DESCRIPTION OF THE TASK :: Take the entries that follow and return exactly the lines from the one holding "Fresh mixed greens" through the one holding "Parent guiding kid on study.", both included. Nothing else is needed.

DATA EXTRACTS ::

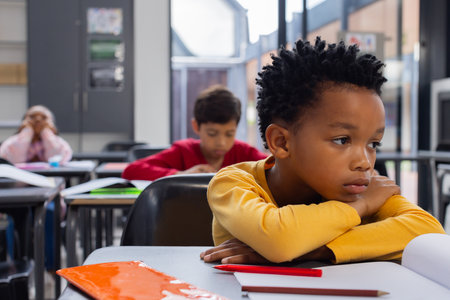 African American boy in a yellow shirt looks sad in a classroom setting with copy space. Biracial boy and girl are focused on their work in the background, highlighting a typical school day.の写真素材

--

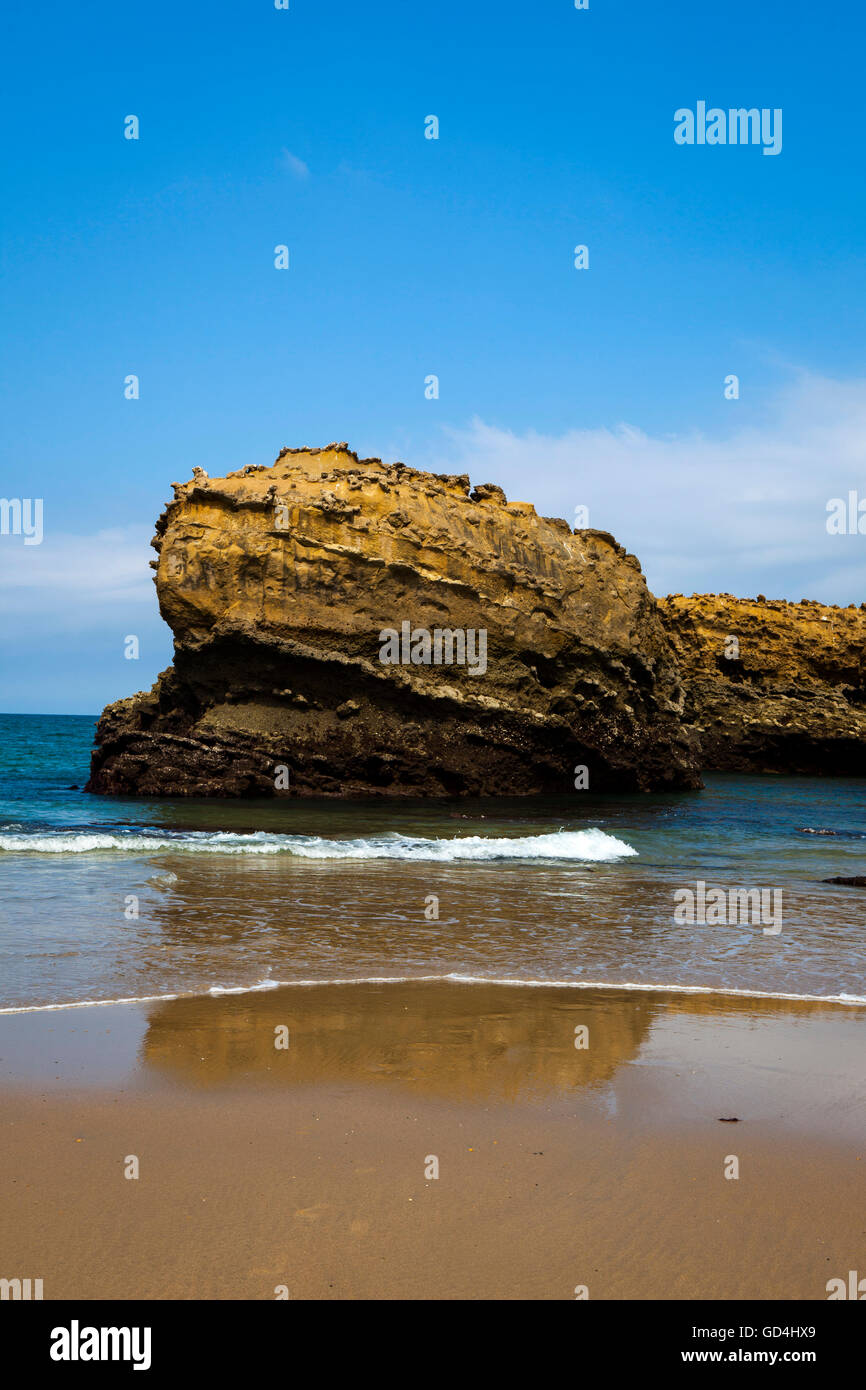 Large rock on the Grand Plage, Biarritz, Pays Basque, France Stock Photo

---

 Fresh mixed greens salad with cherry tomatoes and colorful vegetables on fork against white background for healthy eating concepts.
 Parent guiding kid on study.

RESPONSE TO THIS TASK ::
 Fresh mixed greens salad with cherry tomatoes and colorful vegetables on fork against white background for healthy eating concepts.
 Parent guiding kid on study.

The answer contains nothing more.